A related issue is that in the book, Victoria Jones is described as having a distinctly brown skin, being of partly Indian ancestry. When she wears a sari, she looks very much like an Indian girl, and much of the theme of the book concerns her attraction to the idea of being exactly that. For the same reason, she is well aware that if she were to marry Savage and go with him to England, she could expect to meet social rejections from his upper class milieu. All of these factors, which have a significant influence on the personality of Victoria as depicted in the book, were profoundly changed in the film by the choice of casting the white American actress Ava Gardner for the role.

==Production==
The novel was the fourth by John Masters about India. MGM outbid two other studios to buy the film rights, paying more than $100,000. Ava Gardner and Stewart Granger were announced as leads almost immediately; Gardner had been on suspension at the studio for refusing to appear in Love Me or Leave Me.

George Cukor was assigned to direct. He travelled to India in October 1954 to research the movie. "I feel that for the first time India has been presented in this book as it really is, instead of the usual hokey-pokey atmosphere in which it is painted by most authors who write about it", he said.

The Indian government refused to cooperate with the production of the film.

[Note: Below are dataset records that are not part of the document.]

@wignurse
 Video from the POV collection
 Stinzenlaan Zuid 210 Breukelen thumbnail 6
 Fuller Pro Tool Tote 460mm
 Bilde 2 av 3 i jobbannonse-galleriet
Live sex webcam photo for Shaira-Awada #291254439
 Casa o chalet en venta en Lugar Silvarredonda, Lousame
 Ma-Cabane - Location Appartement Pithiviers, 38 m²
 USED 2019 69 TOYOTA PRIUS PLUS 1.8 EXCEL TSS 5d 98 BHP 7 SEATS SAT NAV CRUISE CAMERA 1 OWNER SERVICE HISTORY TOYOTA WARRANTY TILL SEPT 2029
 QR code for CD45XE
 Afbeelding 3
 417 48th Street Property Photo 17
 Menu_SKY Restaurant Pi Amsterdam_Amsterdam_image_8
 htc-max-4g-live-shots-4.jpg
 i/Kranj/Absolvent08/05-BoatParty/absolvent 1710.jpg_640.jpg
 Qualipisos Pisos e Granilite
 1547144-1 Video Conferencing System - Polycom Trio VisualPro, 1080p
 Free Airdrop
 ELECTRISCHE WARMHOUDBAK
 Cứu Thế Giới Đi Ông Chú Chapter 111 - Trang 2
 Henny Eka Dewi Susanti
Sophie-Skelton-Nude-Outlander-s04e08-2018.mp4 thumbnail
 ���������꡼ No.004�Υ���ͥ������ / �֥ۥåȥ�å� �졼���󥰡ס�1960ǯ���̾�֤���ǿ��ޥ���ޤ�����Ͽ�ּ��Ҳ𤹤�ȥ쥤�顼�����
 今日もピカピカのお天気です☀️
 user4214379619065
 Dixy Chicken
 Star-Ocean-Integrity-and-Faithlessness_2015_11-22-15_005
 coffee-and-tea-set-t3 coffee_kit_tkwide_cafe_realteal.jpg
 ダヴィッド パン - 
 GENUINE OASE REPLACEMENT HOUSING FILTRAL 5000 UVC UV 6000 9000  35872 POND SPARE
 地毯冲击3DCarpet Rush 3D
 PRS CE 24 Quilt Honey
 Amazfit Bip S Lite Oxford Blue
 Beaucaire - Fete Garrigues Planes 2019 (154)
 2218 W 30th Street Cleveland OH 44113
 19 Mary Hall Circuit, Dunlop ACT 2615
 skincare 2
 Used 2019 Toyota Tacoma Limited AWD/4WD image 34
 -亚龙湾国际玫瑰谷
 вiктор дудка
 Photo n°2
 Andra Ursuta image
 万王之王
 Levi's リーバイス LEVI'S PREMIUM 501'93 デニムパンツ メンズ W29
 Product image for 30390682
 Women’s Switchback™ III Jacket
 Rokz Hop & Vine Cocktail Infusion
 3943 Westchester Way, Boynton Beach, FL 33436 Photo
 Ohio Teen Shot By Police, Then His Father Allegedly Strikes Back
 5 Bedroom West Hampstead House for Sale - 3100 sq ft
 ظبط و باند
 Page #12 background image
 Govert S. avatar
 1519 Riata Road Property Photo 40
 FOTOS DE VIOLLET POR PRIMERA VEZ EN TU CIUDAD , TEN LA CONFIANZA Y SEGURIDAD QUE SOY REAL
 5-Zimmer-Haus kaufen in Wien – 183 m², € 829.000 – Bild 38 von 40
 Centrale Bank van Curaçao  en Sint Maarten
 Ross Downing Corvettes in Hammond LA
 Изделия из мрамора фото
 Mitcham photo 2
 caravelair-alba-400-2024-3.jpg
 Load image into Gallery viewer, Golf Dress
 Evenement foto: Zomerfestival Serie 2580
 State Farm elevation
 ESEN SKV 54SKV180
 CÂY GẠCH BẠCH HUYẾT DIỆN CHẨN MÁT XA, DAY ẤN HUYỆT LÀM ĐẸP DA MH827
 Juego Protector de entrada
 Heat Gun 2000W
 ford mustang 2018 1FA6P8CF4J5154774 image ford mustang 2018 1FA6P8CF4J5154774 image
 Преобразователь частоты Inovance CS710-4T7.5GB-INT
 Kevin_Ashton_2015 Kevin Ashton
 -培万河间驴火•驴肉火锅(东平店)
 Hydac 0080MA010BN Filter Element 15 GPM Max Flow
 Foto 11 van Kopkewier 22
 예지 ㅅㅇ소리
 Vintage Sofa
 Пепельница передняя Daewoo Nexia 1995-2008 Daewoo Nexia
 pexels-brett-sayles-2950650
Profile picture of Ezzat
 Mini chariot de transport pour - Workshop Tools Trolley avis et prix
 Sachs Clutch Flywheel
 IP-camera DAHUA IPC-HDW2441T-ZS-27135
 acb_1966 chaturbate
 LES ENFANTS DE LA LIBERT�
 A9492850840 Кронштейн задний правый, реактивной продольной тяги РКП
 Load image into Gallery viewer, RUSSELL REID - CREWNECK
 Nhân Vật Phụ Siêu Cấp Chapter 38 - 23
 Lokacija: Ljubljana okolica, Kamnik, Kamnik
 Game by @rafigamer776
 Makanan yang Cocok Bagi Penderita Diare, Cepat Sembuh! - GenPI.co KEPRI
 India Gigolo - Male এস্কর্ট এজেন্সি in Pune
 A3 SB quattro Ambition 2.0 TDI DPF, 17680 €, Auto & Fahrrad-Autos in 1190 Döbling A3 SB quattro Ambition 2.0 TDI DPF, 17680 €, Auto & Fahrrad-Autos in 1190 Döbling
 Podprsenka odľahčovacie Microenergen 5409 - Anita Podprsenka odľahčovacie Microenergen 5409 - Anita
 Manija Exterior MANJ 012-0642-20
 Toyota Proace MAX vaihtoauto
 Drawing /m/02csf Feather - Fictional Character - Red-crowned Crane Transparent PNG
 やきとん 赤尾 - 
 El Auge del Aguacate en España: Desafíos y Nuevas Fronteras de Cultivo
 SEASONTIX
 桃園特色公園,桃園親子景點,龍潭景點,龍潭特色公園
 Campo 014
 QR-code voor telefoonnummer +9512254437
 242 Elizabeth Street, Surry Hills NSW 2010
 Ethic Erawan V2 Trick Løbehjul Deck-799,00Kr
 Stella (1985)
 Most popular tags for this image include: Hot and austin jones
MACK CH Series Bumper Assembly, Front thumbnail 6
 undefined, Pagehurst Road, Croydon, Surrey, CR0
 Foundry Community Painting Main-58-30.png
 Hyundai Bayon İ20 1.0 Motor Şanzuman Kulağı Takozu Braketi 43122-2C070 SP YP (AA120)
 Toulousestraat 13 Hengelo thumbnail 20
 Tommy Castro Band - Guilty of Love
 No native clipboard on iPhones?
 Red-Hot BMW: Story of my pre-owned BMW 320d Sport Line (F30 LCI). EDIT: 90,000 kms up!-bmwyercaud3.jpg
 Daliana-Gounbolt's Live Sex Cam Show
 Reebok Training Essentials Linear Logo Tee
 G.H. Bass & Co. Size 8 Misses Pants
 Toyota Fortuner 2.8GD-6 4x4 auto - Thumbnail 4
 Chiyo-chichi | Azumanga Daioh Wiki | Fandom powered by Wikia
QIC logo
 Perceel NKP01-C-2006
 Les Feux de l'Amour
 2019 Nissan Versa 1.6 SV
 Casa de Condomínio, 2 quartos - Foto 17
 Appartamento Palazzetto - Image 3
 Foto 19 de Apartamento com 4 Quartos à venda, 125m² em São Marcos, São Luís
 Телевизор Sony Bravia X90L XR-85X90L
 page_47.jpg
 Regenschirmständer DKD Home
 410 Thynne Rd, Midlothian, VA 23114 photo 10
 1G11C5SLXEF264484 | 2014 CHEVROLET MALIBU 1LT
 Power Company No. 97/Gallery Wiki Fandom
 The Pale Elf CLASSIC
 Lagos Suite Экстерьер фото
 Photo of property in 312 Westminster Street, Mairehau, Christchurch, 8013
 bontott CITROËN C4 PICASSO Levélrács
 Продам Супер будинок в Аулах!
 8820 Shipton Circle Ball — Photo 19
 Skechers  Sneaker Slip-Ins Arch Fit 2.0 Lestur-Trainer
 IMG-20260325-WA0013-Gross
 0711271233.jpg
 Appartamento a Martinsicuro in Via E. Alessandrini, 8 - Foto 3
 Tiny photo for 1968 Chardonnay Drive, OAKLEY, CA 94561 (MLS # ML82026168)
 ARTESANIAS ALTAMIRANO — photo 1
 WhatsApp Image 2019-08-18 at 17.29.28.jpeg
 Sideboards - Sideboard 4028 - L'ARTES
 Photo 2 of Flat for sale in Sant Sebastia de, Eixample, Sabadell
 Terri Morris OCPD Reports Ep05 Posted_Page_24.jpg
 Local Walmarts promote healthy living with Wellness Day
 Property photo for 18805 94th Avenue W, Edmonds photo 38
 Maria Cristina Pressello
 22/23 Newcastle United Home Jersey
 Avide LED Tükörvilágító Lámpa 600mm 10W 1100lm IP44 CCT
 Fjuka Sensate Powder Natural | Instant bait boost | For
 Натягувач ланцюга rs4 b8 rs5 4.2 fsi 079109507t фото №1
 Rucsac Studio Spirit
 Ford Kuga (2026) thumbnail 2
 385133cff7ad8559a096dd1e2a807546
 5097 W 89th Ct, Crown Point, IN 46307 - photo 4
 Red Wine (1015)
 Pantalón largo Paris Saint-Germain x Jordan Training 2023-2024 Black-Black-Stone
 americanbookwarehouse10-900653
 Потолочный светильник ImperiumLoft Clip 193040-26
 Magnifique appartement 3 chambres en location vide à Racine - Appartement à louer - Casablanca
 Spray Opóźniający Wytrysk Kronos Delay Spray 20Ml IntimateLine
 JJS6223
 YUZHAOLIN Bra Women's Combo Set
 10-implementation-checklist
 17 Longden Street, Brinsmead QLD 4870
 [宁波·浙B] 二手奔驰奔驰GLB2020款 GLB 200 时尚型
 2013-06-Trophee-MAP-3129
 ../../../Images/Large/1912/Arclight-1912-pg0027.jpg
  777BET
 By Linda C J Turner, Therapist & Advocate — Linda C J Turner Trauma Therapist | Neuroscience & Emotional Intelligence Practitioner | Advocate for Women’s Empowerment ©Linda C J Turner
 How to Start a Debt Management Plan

The fictional location Bhowani Junction was in India, most probably Bhusawal. MGM had wanted to shoot the film in location in India; but, as the government of India insisted on script approval and imposed high taxes, MGM decided to film in Pakistan where the government was more welcoming.

As a result of the change in location to Pakistan, the script was altered to show Rodney Savage in command of the 1/13 Frontier Force Battalion (Coke's Rifles), which at that time of filming was part of the 7th (Golden Arrow) Division of the Pakistan Army, rather than in command of a Gurkha Battalion, the 1/13 Gorkha Rifles, as in the book. Pakistan army and police enthusiastically assisted in the making of the film. Several Pakistan army units of the 7 Golden Arrow Division including the 5th Battalion of 13th Frontier Force Rifles (now 10 Frontier Force Regiment), 5th Probyn's Horse, 1st Battalion of 13th Frontier Force Rifles (now 7 Frontier Force Regiment), participated in the making of the film. Colonel Savage in the film is shown wearing the Golden Arrow formation sign of the Pakistan 7 Division.

Also in the movie is the 4th Battalion (Wilde's) 13th Frontier Force Rifles, the band at the Lahore Railway Station with a deer as its mascot, while the troops taking part in the train accident were from the 4/13th. The battalion has a copy of the book and autographed photographs from both Ava Gardner and Stewart Granger.

The future Pakistani film star Neelo appeared in a small role as a reporter in a crowd scene. Neelo was introduced to Cukor by A. H. Rana, the film's production manager and casting assistant in Pakistan, who worked with the film's casting director, Harvey Woods. This was her first role in a movie.

==Box-office==
The film earned $2,075,000 in North America and $2.8 million elsewhere, making a gross profit of $1,238,000.

It recorded admissions of 1,554,970 in France.